Consulting with Juli about patients at the Living Room and Kimbilio Hospice.
Consulting with Juli about patients at the Living Room and Kimbilio Hospice.

One of my "brothers", Dr. Mabeya, has the amazing ability to do surgeries that change women's lives, transforming them from rejected and stigmatized outcasts into women who can be welcomed back into society. His clinic, Gynocare, operates on a skeleton budget and relies on donations to provide fistula-repairing surgeries for the impoverished, young women who most often suffer from this condition. Gifts to Gynocare save my younger Kenyan sisters from lives of stigma.

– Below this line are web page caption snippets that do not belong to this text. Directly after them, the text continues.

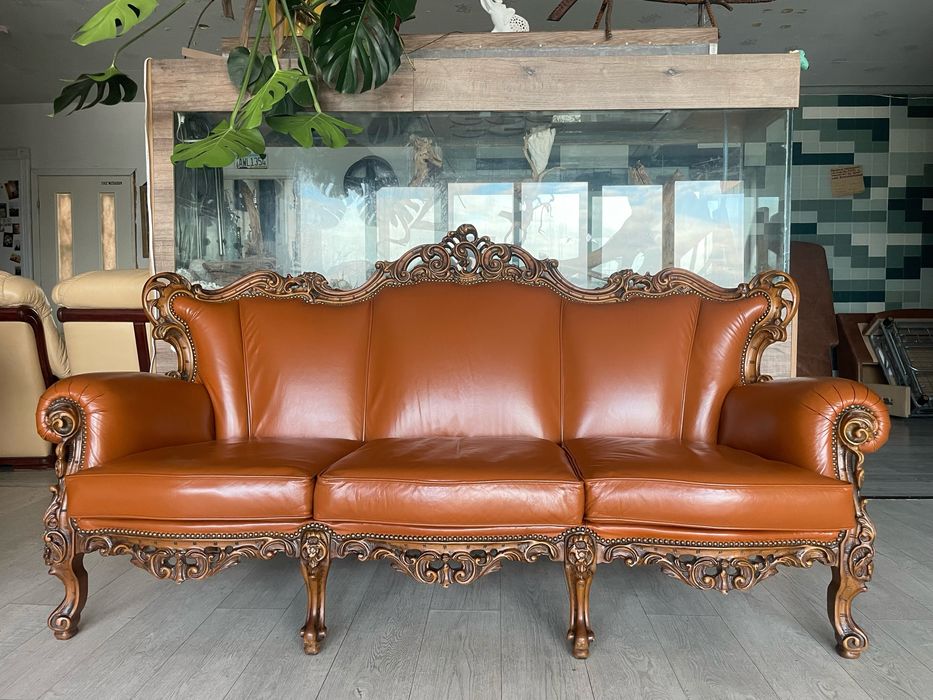 Шкіряний (кожаный) диван барокко (Італія).Стан ідеальний .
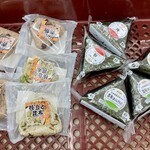 マックスバリュ - めずらしく「梅」以外のおにぎりが残っていた。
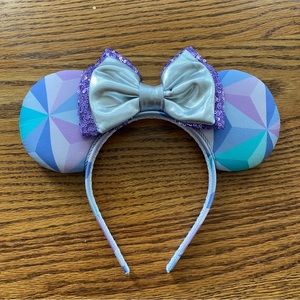 Small Shop Purple Wall Inspired Disney Minnie Ears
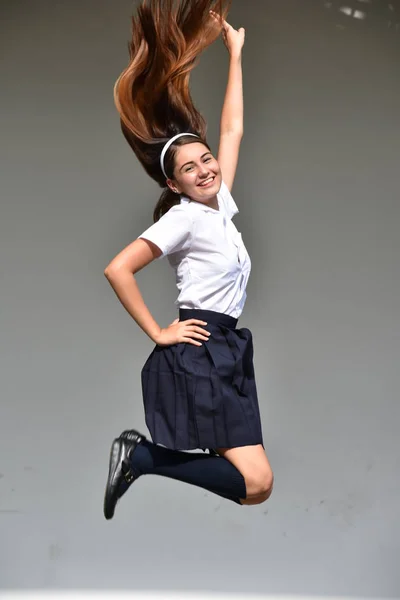 Glücklich Aufgeregtes Mädchen Springt — Stockfoto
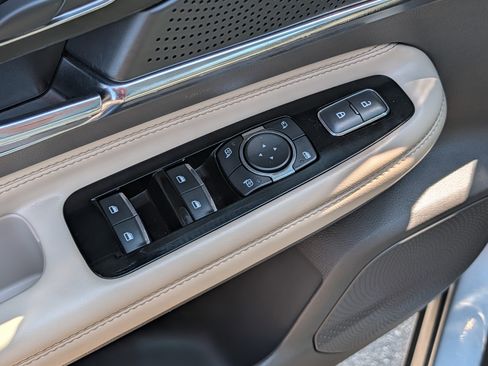 Used 2023 Lincoln Corsair AWD w/ Equipment Group 101A image 19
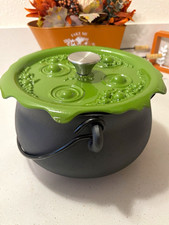 Cast Iron cauldron Pot with green bubble lid picture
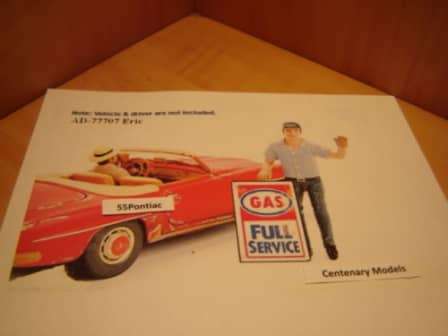 Figurine  Serviceman Eric with Sign   Scale 1/24   - Lots of Figurines available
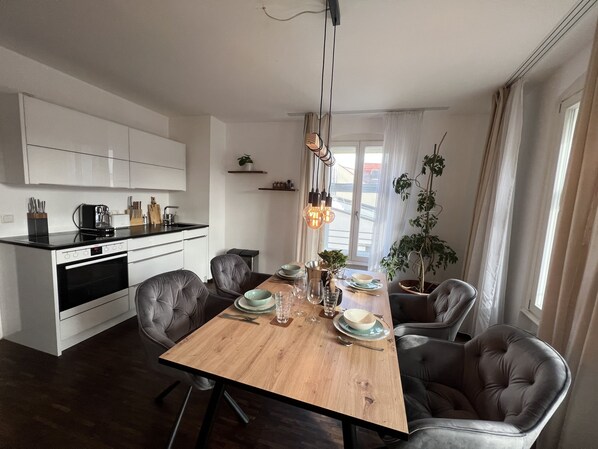 Dining - Liboria: Stylish old town apartment (Regensburg)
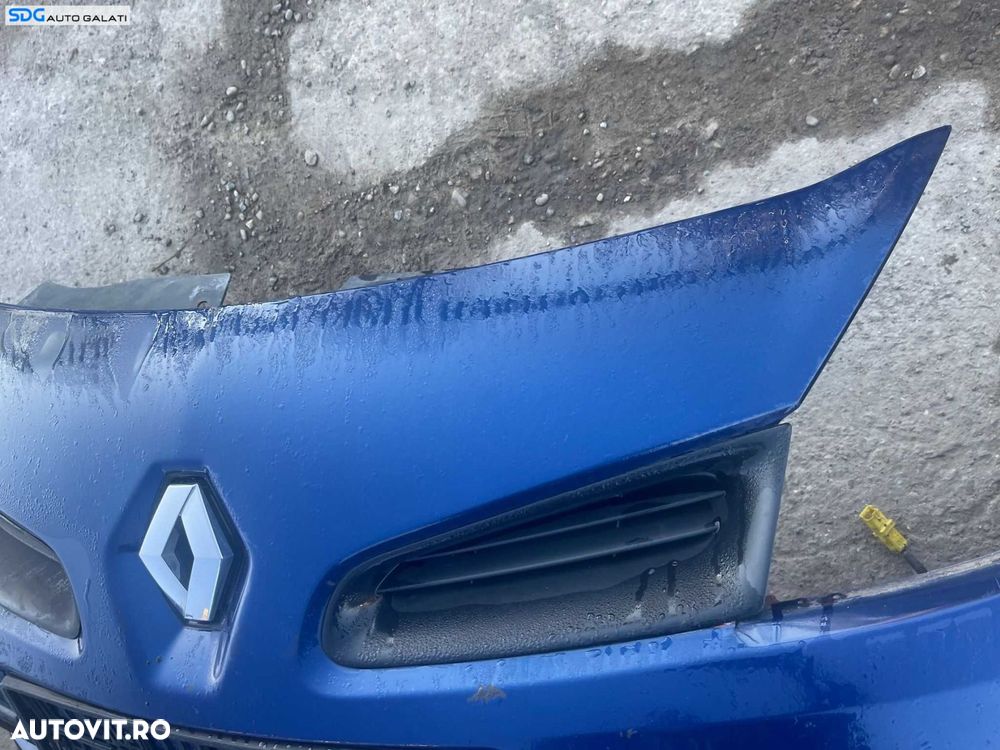 Grila Ornament Superior Stanga de pe Bara Spoiler Fata Renault Clio 3 2005 - 2009 [C3622 - 1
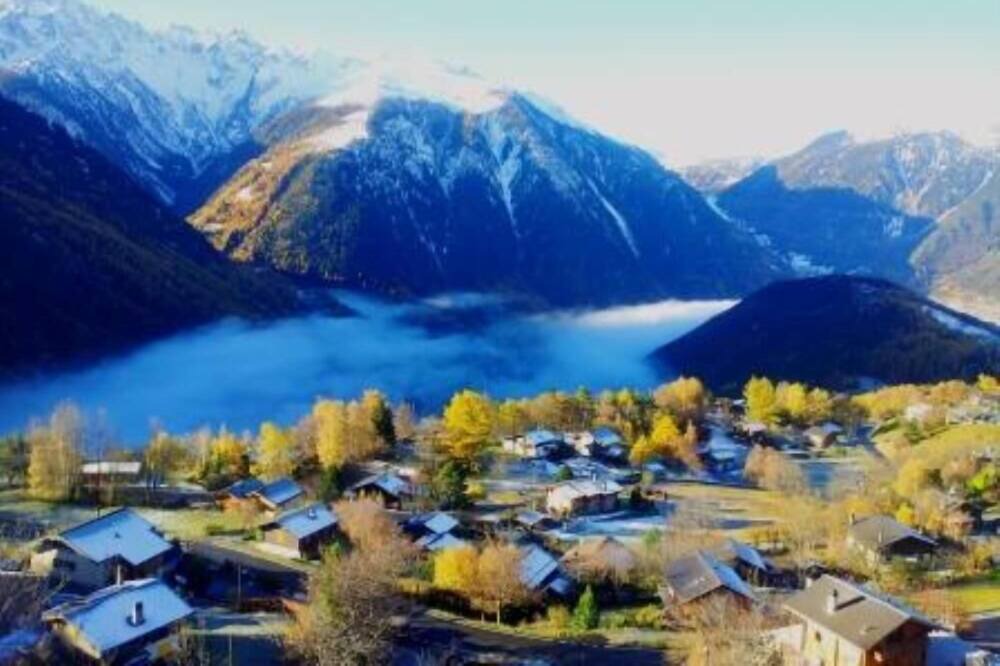 Photo of Outdoor in Chemin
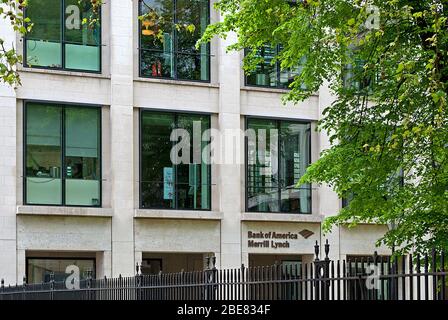 Portland Stone Bank of America Merrill Lynch Financial Center, 2 King Edward Street, Londres EC1A par Swanke Hayden Connell Architects David Walker Banque D'Images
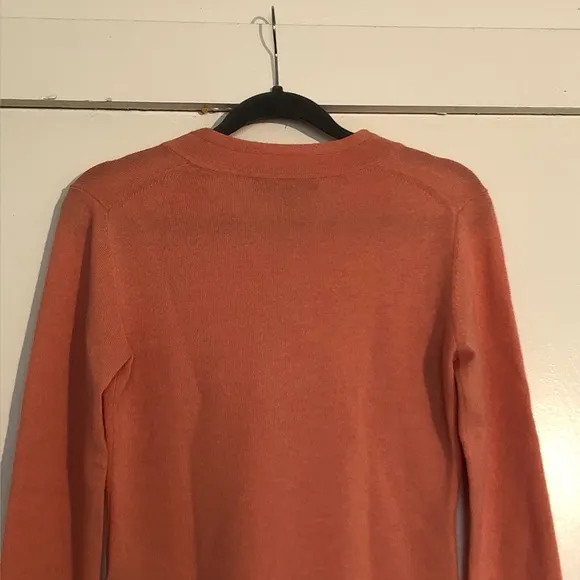 Lafayette 148 NY V-Neck Cashmere Petite Sweater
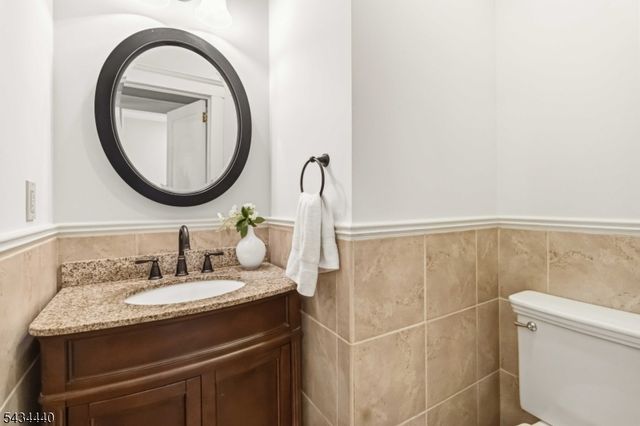 12 Van Dyke Pl, Summit City, NJ 07901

And then there are my children. We have been raising money to run special support activities for our older children with HIV. Meeting other kids like themselves - kids who are growing up with HIV and figuring out how to be healthy adults - makes a huge difference for these children. And we are trying to organize at least 6 times a year when they can have half a day for education, peer group support meetings, and fun activities. Each of these days costs about $600, but it changes life for my kids who are growing up with HIV. A low-income school in Detroit just raised enough money to hold an adolescent support day for December. My colleagues just gave half of the money to plan our next day. If you want to contribute to this birthday party for me, you can send a donation to AMPATH through the IU Foundation and include the notation "Vreeman Adolescent Clinic." Of course, AMPATH does lots of other great things for my kids too -- and I am delighted with any gifts that support our 15,000 kids with HIV.


I know this is a GIANT gift list, but if you need a last minute Christmas present for someone on your list - or if you really want to share in my birthday/Christmas/Festivus celebration - my family will rejoice with you. Thank you.